THE Government’s decision not to include Humanism as a separate option in the new GCSE Religious Studies (RS) examination syllabus was challenged in the High Court on Tuesday this week.
Three families with school-age children, backed by the British Humanist Association (BHA), said that the stance breaches the Europe on Convention on Human Rights (ECHR ) by giving religions greater prominence than non-religious world-views. One of the parents involved, Kate Bielby, told journalists that it gave the impression that religions had a monopoly on morals.
The new rules do not apply to statutory religious education — RE taught to all pupils as part of the basic curriculum, which may include humanism.
From next September, however, GCSE students will be required to follow the reformed exam syllabus, which the Government regards as more academically rigorous. They will have to study, in depth, two religions from a list that includes Buddhism, Christianity, Hinduism, Islam, Judaism, and Sikhism.
The Secretary of State for Education, Nicky Morgan, has said that, given the examination’s title, the focus on religions is reasonable. Moreover, as a statement from the Department for Education said, the syllabus still allows exam students to spend up to half their course on philosophy and ethics, which could include humanism.
But the general secretary of the BHA, Andrew Copson, this week described the syllabus as incompatible with human-rights legislation. By prioritising religions, it did not comply with the ECHR requirement for States to treat religious and non-religious world-views equally.
The changes to RS are part of the Government’s curriculum-wide reform of GCSEs, which is intended to raise standards. The RS syllabus was drawn up in consultation with religious leaders, including Church of England representatives.
This week, the C of E’s chief education officer, the Revd Nigel Genders, backed the new syllabus: “From a comprehensive grounding in two religions, students will be able to make connections and understand differing religious world-views. The new GCSE also, quite rightly, gives a major emphasis to philosophy and ethics, through which students will form their own evaluation of religion and ethics.”
Last February, however, 28 religious leaders, including a former Archbishop of Canterbury, Lord Williams, and a former Bishop of Oxford, Lord Harries, wrote to the Schools Minister, Nick Gibb, asking for a rethink on the syllabus to include Humanism as an option.

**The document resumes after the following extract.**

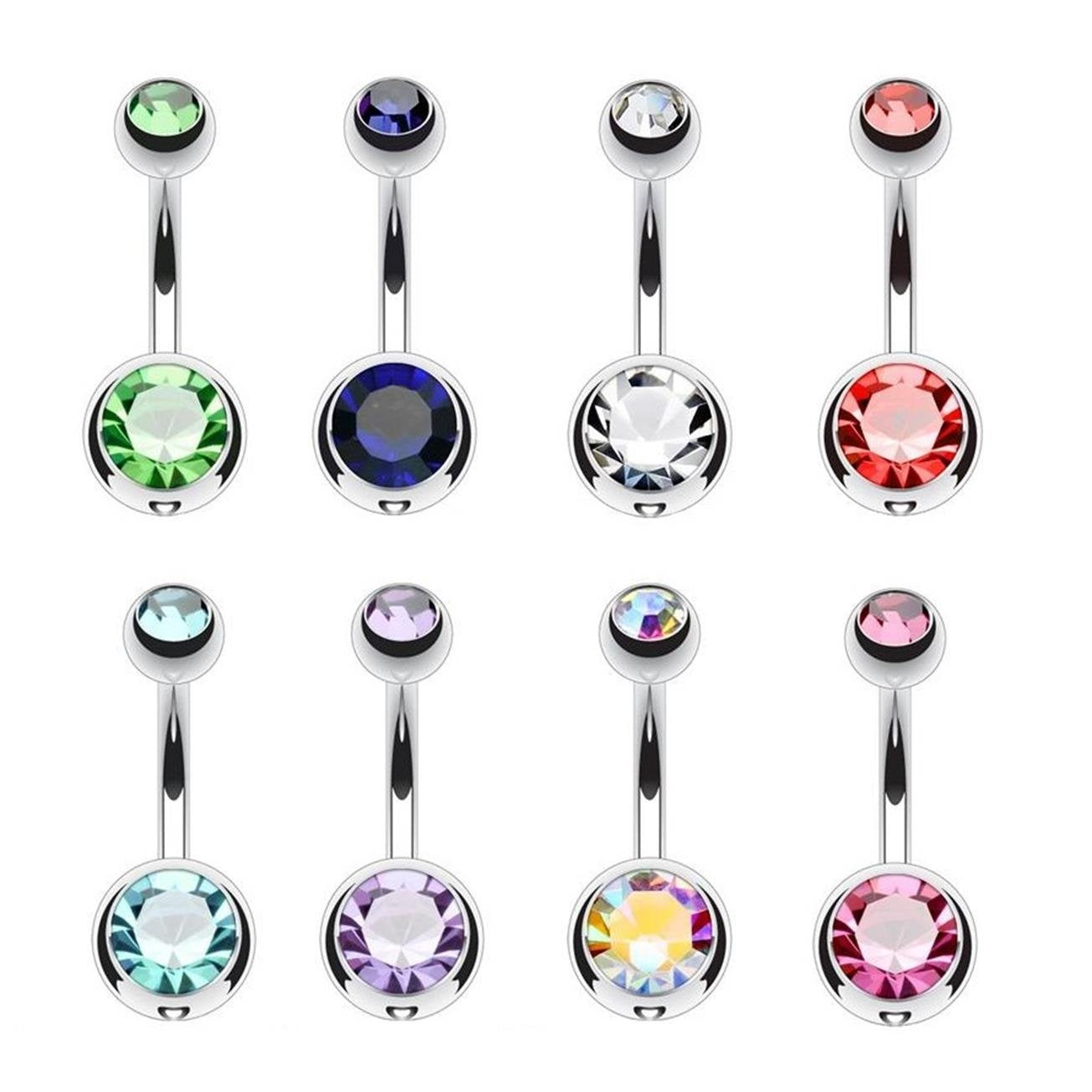 Bauchnabelpiercing 2 ZIRKONIA Nabelpiercing Chirurgenstahl Bananabell Silber Multicolor Stab 1,6/12mm Kugeln 5/8mm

They wrote: “It would allow young people to study a more representative sample of the world-views common in Britain today.”
The Religious Education Council takes a similar view. This week, its chief executive, Rudolf Eliott Lockhart, spoke of “the importance of not discriminating against young people of no religious belief, who wish to study that perspective in depth”.
A ruling on the challenge is expected to be announced in a few weeks.
Exam syllabus to include Judaism. Roman Catholic schools preparing students for GCSE RS will teach Judaism alongside RC Christianity for the examination, although Islam is the second largest faith in Britain.
Interviewed for the website Christian Today, the director of the Catholic Education Service, Paul Barber, said: “Just because our pupils are not being examined in other faiths does not mean they are not learning about them.”